CODEWITHSUNDEEP
pythonpython-itertools
Namey McNamo
Namey McNamo

Reputation: 45

How to Iterate through arithmetic operators across a static, excecutable formula in Python?

I'm trying to use itertools to iterate through mathematical operators. Typically with an array of [1, 2, 3], using combinations I can get the results:

1
1,2
1,3
2,3
1,2,3

etc.

I want to use this on an array of [1, 2, 3] in such a way that:

1+2+3
1+2-3
1+2/3
1+2*3
1-2+3
1-2-3
1-2/3
1-2*3
...

arises and gives results of the equation.

How might I go about doing this?

Upvotes: 3

Views: 1716

Answers (4)

Mikhail Churbanov
Mikhail Churbanov

Reputation: 4500

Not an elegant one (made on knee) but works, just to point out my logic. The idea is to reduce the list one by one in correct order. E.g.:

Data: 1 * 2 + 3 * 4

  • After Step 1 ( first * evaluated ): 2 + 3 * 4
  • After Step 2 ( second * evaluated ): 2 + 12
  • After Step 3 ( + evaluated ): 14

The code:

import operator
import itertools

data = [1.0, 2.0, 3.0, 4.0]
operators_1 = [operator.mul, operator.div] # this operators have priority over that below
operators_2 = [operator.add, operator.sub]

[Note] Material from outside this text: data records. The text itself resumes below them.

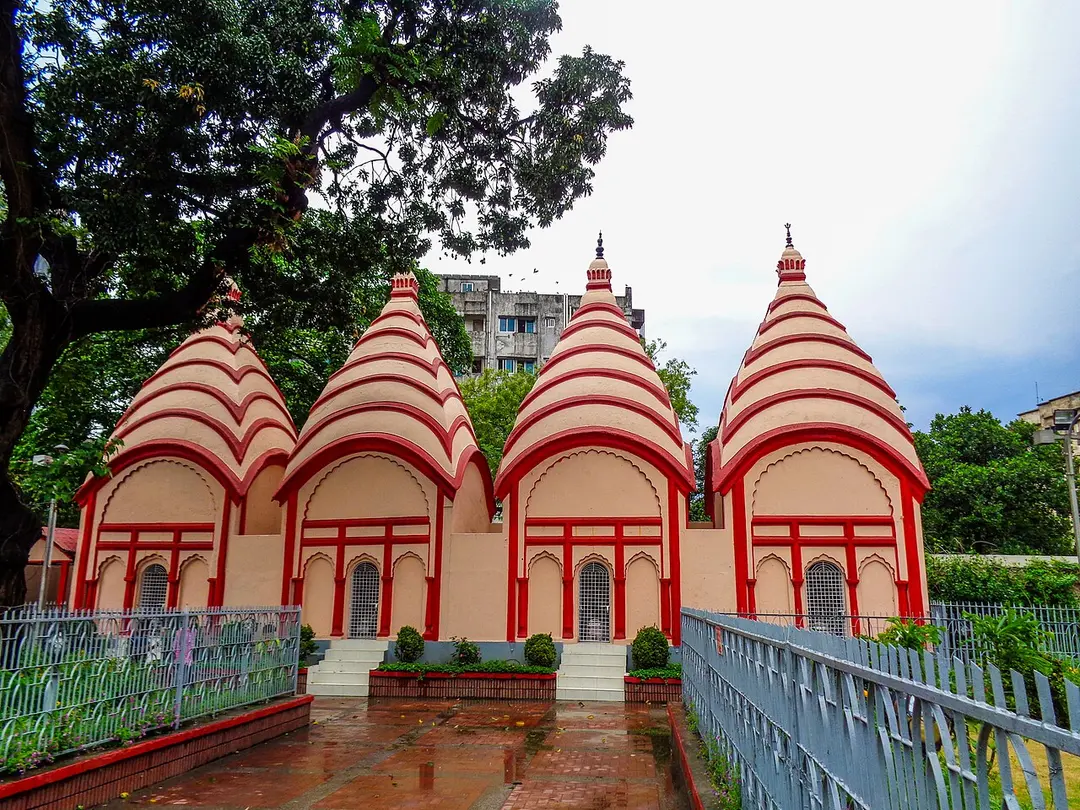 ঢাকেশ্বরী জাতীয় মন্দির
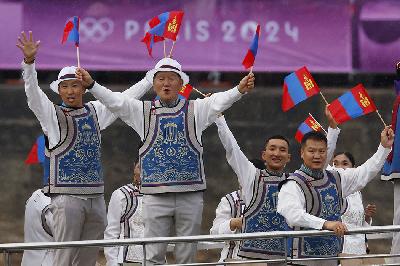 Kontingan Mongolia mengikuti defile pembukaan Olimpiade Paris 2024 di Paris, Prancis, 26 Juli 2024. REUTERS/Amanda Perobelli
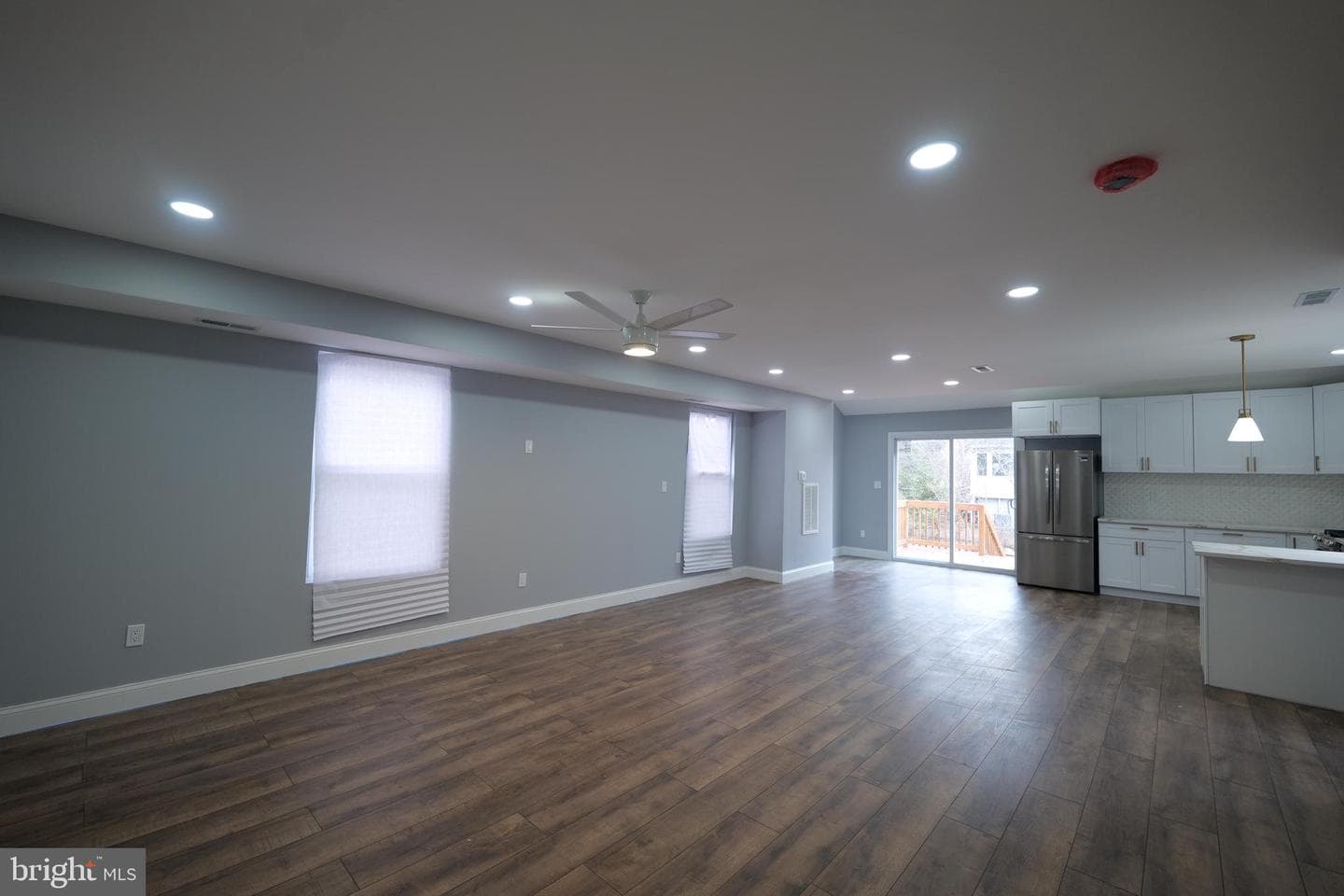 4905 Midwood Avenue photo 5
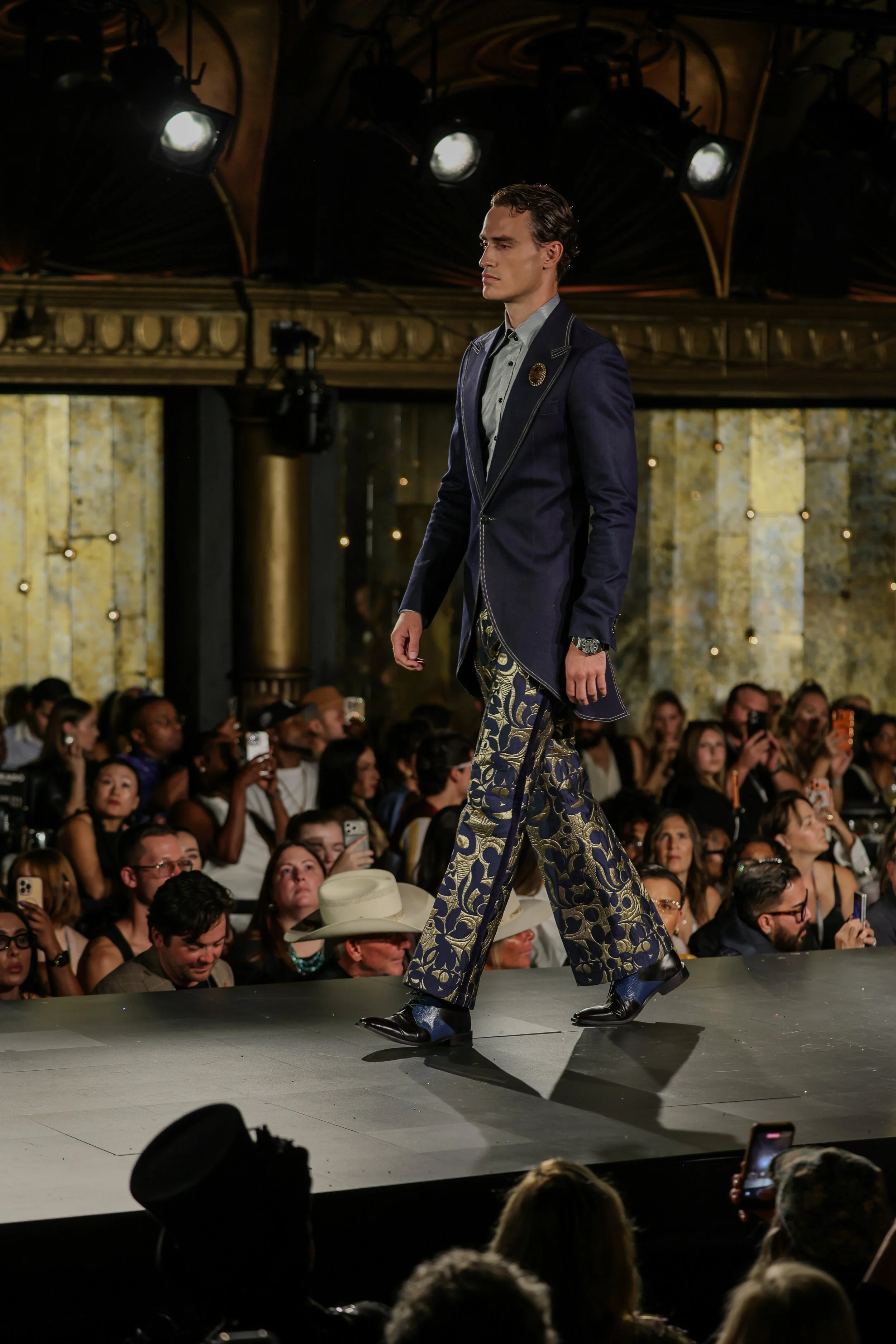 Alexander_Santos_Runway7_House_NYFW_Malan_Breton_Season_Finale-37.jpg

def processOps(formula, data, operators):
    res_formula = list(formula)
    result = list(data)
    for op in formula:
        if op not in operators: continue

        i = res_formula.index(op)
        result = result[:i] + [op(result[i], result[i + 1])] + result[i + 2:]
        res_formula.remove(op)

        if len(result) == 1:
            break

    return (res_formula, result)

for f in itertools.product(operators_1 + operators_2, repeat=len(data)-1):
    result = list(data)
    formula = list(f)
    formula, result = processOps(formula, result, operators_1)
    formula, result = processOps(formula, result, operators_2)
    print f, result

UDP This updated logic handles cases like (1 * 2) + (3 / 4) correctly.

Upvotes: 1

gold_cy
gold_cy

Reputation: 14236

Here is how I would approach it:

import itertools
import operator

First make the list of all possible combinations:

funcs = [operator.add, operator.sub, operator.mul, operator.div]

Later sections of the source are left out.